Oracle Scratchpad

August 3, 2017

Rebuilding Indexes

Filed under: Indexing,Infrastructure,Oracle,Partitioning,Troubleshooting — Jonathan Lewis @ 1:00 pm BST Aug 3,2017

One of the special events that can make it necessary to rebuild an index is the case of the “massive DML”, typically a bulk delete that purges old data from a table. You may even find cases where it’s a good idea to mark a couple of your indexes as unusable before doing a massive delete and then rebuild them after the delete.

Despite the fact that a massive delete is an obvious special case it’s still not necessary in many cases to worry about a rebuild afterwards because the space made free by the delete will be smoothly reused over time with very little variation in performance. There is, however, one particular feature that increases the probability of a rebuild becoming necessary – global (or globally partitioned) indexes on partitioned tables. The problem (and the absence of problem in non-partitioned tables) is in the nature of the rowid.

For non-partitioned tables, and partitioned tables with local indexes, the rowid stored in an index is (assuming we’re thinking only of heap tables) stored as a sequence of 6 bytes consisting, in order, of: (tablespace relative file number, block number within file, row number within block). If the table is non-partitioned, or if this is an index segment from a locally partitioned index, all the index entries will be pointing to the same table segment and Oracle knows which segment that is from the data dictionary information – so Oracle can derive the data_object_id of the table segment and convert the tablespace relative file number into the absolute file number to navigate to the right row in the table.

When the index is global or globally partitioned any index entry may point to any of the table’s segments, so the rowid that is stored in the index is expanded by a further 4 bytes to hold the data_object_id of the table segment it is pointing to – and the data_object_id is the leading component: (data_object_id, tablespace relative file number, block number within file, row number within block). Think about what this means when you start to drop “old” partitions and add new partitions. Compare this with what happens when you simply delete a large volume of old data from a table and starting inserting new data. There’s an important difference to the way in which indexes will evolve.

Purging data

When you delete a large volume of data from a (simple, heap) table you will create a lot of empty space in a lot of existing table blocks. If that delete is supposed to get rid of “old” data (and to keep the description simple we’ll assume it’s the first time you’ve done this) it’s very likely that the delete will result in lots of empty blocks near the start of the table – rows that were inserted at the same time will tend to be physically close to each other in the table. This means that future inserts will soon start to reuse those table blocks. Think about what this means for index entries – especially for non-unique keys.
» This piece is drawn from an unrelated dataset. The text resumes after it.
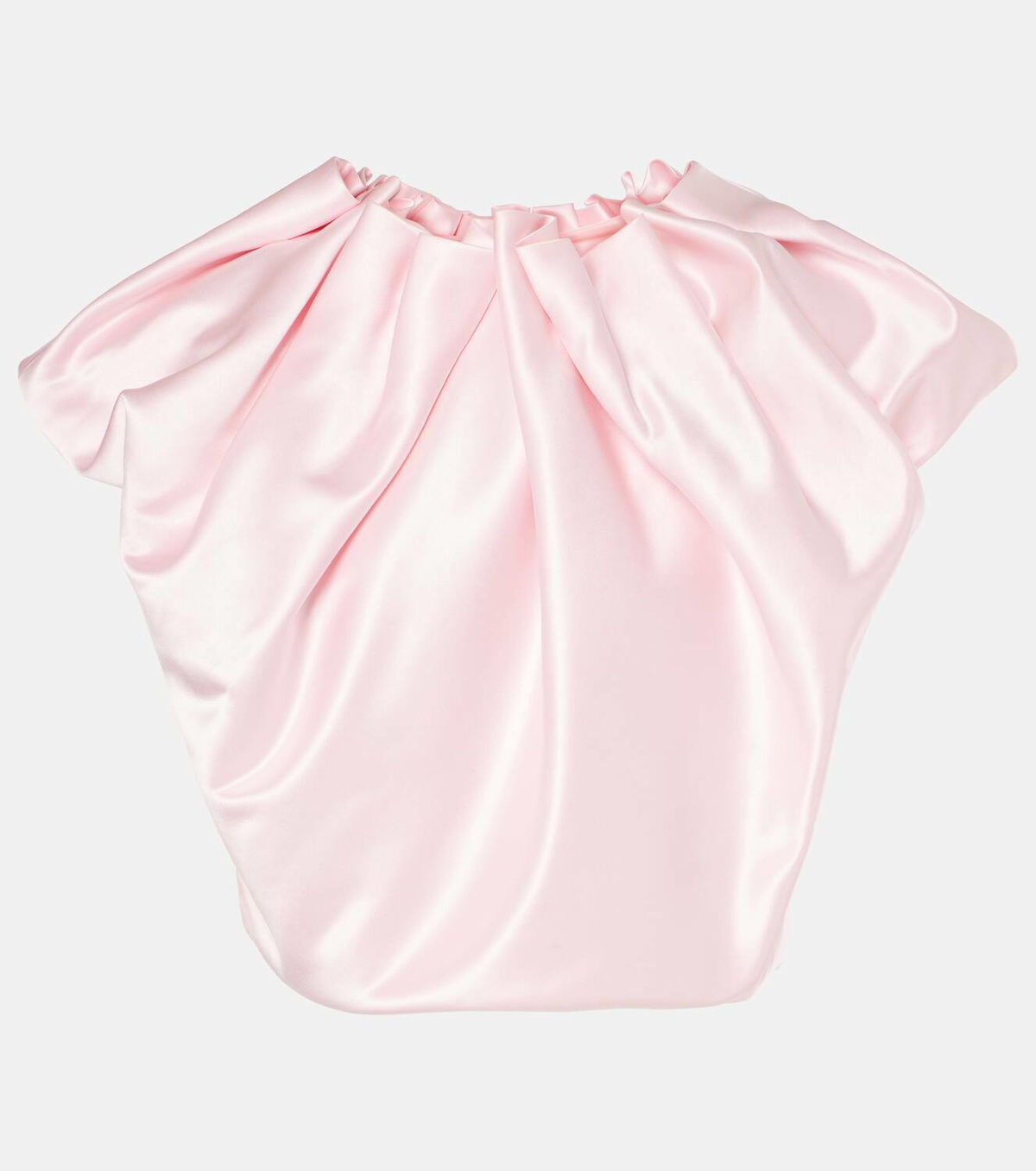 Simone Rocha Draped satin top Simone Rocha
Assume you have 100 rows with value ‘XXX’ for an indexed column. Breaking the rowid into its component parts the index entries will be (‘XXX’,{file_id, block_id, row_number}).  Now assume you delete the oldest 10 rows then, over time, insert 10 more rows with the same key value. You’ve deleted the 10 index entries with the lowest values for (file_id, block_id) but the space that’s become available in the table will be in and around exactly that range of blocks – so the new index entries will probably end up looking very similar to the deleted index entries and inserted in and around the existing index entries for value ‘XXX’, so over time the index is unlikely to allocate much new space.

Now think about what happens when your table it partitioned but the index is global; your index entries are (‘XXX’,{data_object_id, file_id, block_id, row_number}). When you drop the oldest partition you will probably[1] delete all the index entries with the lowest data_object_id. When you start inserting new rows for ‘XXX’ the new table partition will have a data_object_id that is going to be higher than any previous data_object_id – which means you’re going to be inserting rows into the right-hand (high-value) edge of this section of the index. In some cases – typically those where you have a couple of leaf blocks per key value – the index may end up growing significantly because the insertion point for rows in the new partition isn’t in the leaf block with the available space, and it won’t be until you’ve done a few more bulk deletes and the leaf blocks relating to the oldest table partitions become completely empty that the space can be reused.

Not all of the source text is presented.